Accounting for monetary costs

2024-04-11

Abstract

This vignette shows how to configure and use custom fare rules in order to account for monetary travel costs when generating travel time matrices and accessibility estimates with the r5r package.

1. Introduction

Considering the monetary costs of public transport trips in the calculation of travel time matrices and accessibility estimates is a major challenge faced by researchers and planning practitioners. Each public transport system can have its own set of rules for calculating fares, with varying levels of complexity. Moreover, there are important trade offs between travel time and monetary costs across multiple trip alternatives and are currently not captured by any multimodal routing engine, except for R5.

R5 has native capabilities and an open architecture for creating and including fare structures in routing models, making it possible to estimate travel time matrices and accessibility estimates simultaneously considering different combinations of time and monetary cost cutoffs. The main challenge, however, is that a specific fare structure for each city needs to be programmed in Java and tightly integrated into R5, making this functionality out of reach for those who do not know how to code in Java (i.e. most of us!).

To help tackle this challenge, r5r has a simple generic rule-based fare structure that can be configured via a predefined set of properties and rules that can be set directly from R or using external tools such as text editors and spreadsheets. This approach currently available in r5r is able to account for the monetary costs of public transport systems that follow a simple set of fare rules according to which the cost of a journey depends on combinations of modes (see details below).

This vignette shows the features of r5rs fare structure. It also uses a reproducible example to demonstrate how to configure the fare structure to account for monetary costs when generating travel time matrices and accessibility estimates with r5r.

1.1 Details

A common feature among many public transport services is the possibility of discounted transfers, when passengers can use a single ticket for a trip composed of multiple rides sometimes combining different transport modes. Such trips usually come with a discount in the second or subsequent fares, as well as a limit on the number of discounted transfers the user can make and/or a time limit for using that discount. This is the type of fare structure currently covered by r5r.

We acknowledge that there are several types fare rules that vary from one public transport system to another. According to these rules, the cost of a journey can differ, for example, depending on: different costs for each trip leg, transport mode or route; distance- or zone-based fares; different fares for types of riders (e.g elderly people or students) or time of the day (e.g. peak and off-peak hours); among many others rules. As such, taking all of these possible rules into consideration when calculating the monetary cost of multimodal can be quite difficult. r5r currently does not cover these more complex fare rules.

The fare calculator currently available in r5r is not intended to be a robust solution that can take into consideration all public transport systems and their specific fare rules. That would be a Herculean task. The features included in r5r’s fare calculator are inspired by our empirical observations of Brazilian public transport systems, and is meant to be used mainly in the Access to Opportunities project. Everyone else is welcome to use it, if the current features suit their needs.

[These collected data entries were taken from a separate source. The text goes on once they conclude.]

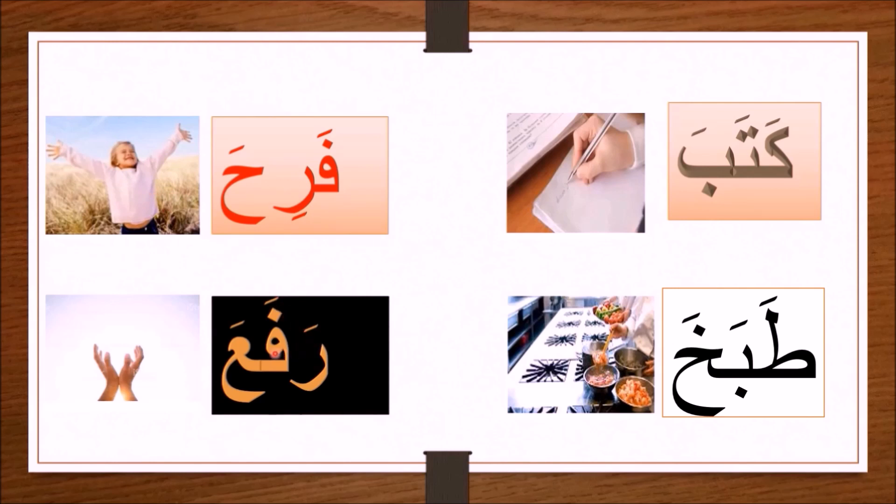The last word is rafa'a. You have: ra with a fatha — ra; fa with a fatha — fa; and ain with a fatha — a. The word again is rafa'a. Rafa'a means 'he erased' or 'he raised.'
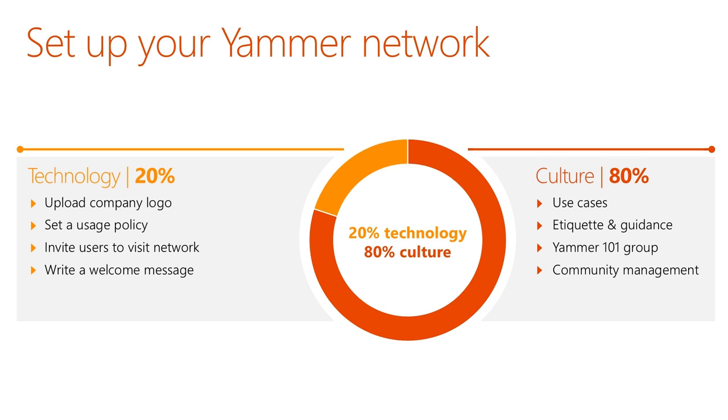One way that Yammer is different from other technology products is that the technical aspects of it are quite simple. You can take care of the technical setup in about 15 minutes or less. You want to spend the bulk of your time focusing on the culture you want to create on your Yammer network, which comes down to what use cases your organization wants to enable. You also want to take steps to create the right culture using etiquette and guidance for your end users so people know how to engage productively on this network.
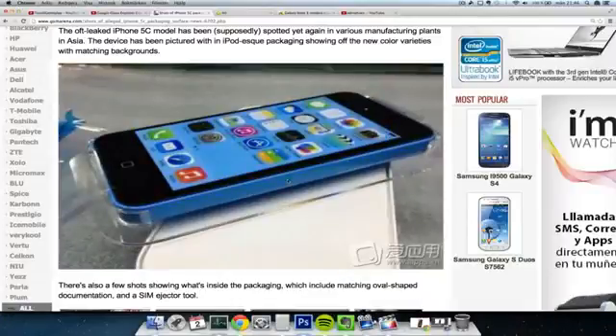Hey guys, so it seems like we are having some more pictures here of the iPhone 5C that we probably will see coming out on September the 10th, if Apple's gonna hold an event and first unveil this new iPhone. The next generation high-end iPhone will probably be called the iPhone 5S.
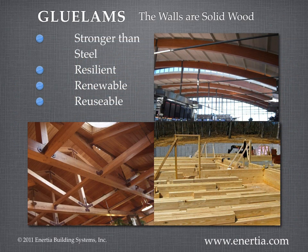Glue lambs are engineered wood that is stronger than the tree itself. You see them everywhere — holding up the roofs of churches, schools, and airports. Pound for pound, glue lambs are stronger than steel. Inertia uses glue lambs not only for the beams and structure, we also use them for the walls of our Inertia buildings — walls that are 5 to 10 times stronger than the conventional 2x4, plywood, and sheetrock walls.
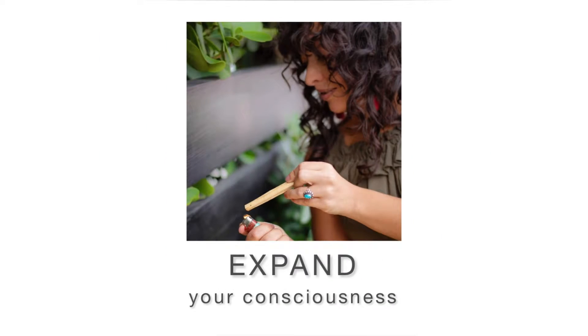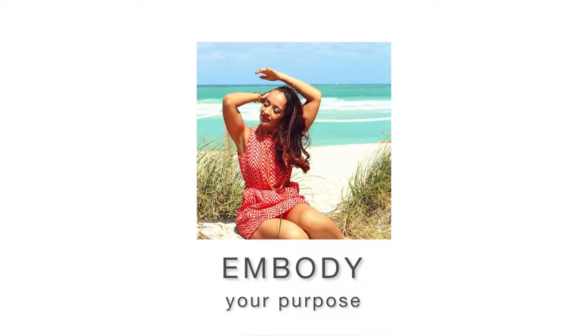Five easy ways to clear negativity and bring more peace and positive energy into your space. Welcome to our channel, my name is Vanessa, and in this video we're getting into ways to bring more peace and positive energy into your space.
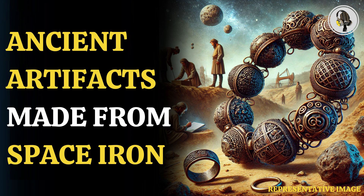Meteoric iron is formed when a meteorite enters Earth's atmosphere and undergoes intense heat and pressure, causing the iron to melt and solidify into a unique crystalline structure.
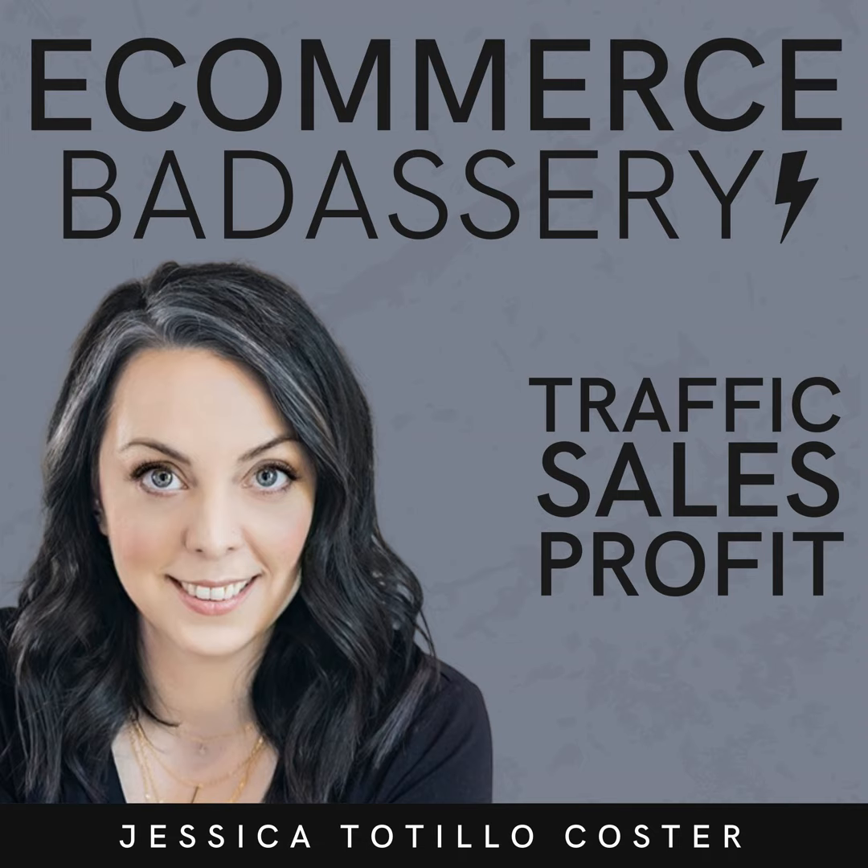And that's a wrap on today's BizBite episode. As always, thank you so much for spending your time with me today, and I'll see you on the flip side.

obs. The GTFS format has some features for specifying public transport fares, but those features are quite limited and are not enough for adequately representing many use cases. A new version of that specification is currently being developed Fares V2, but it may take some time for it to be approved and for transport agencies actually start providing GTFS feeds with full fare information.


2. Reprex: the public transport system of Porto Alegre

In this vignette, we will be using the sample data set for the city of Porto Alegre (Brazil) included in r5r. Before we start, we need to increase the memory available to Java and load the packages used in this vignette

options(java.parameters = "-Xmx2G")

library(r5r)
library(sf)
library(data.table)
library(ggplot2)
library(patchwork)
#> Warning: package 'patchwork' was built under R version 4.3.2
library(dplyr)
library(h3jsr)

Porto Alegre has a relatively straightforward public transport system, where the vast majority of the population that rely on transit ride buses. The city also has a metropolitan rail service that connects the city center to the neighboring northbound municipalities. That system can be seen in the map below.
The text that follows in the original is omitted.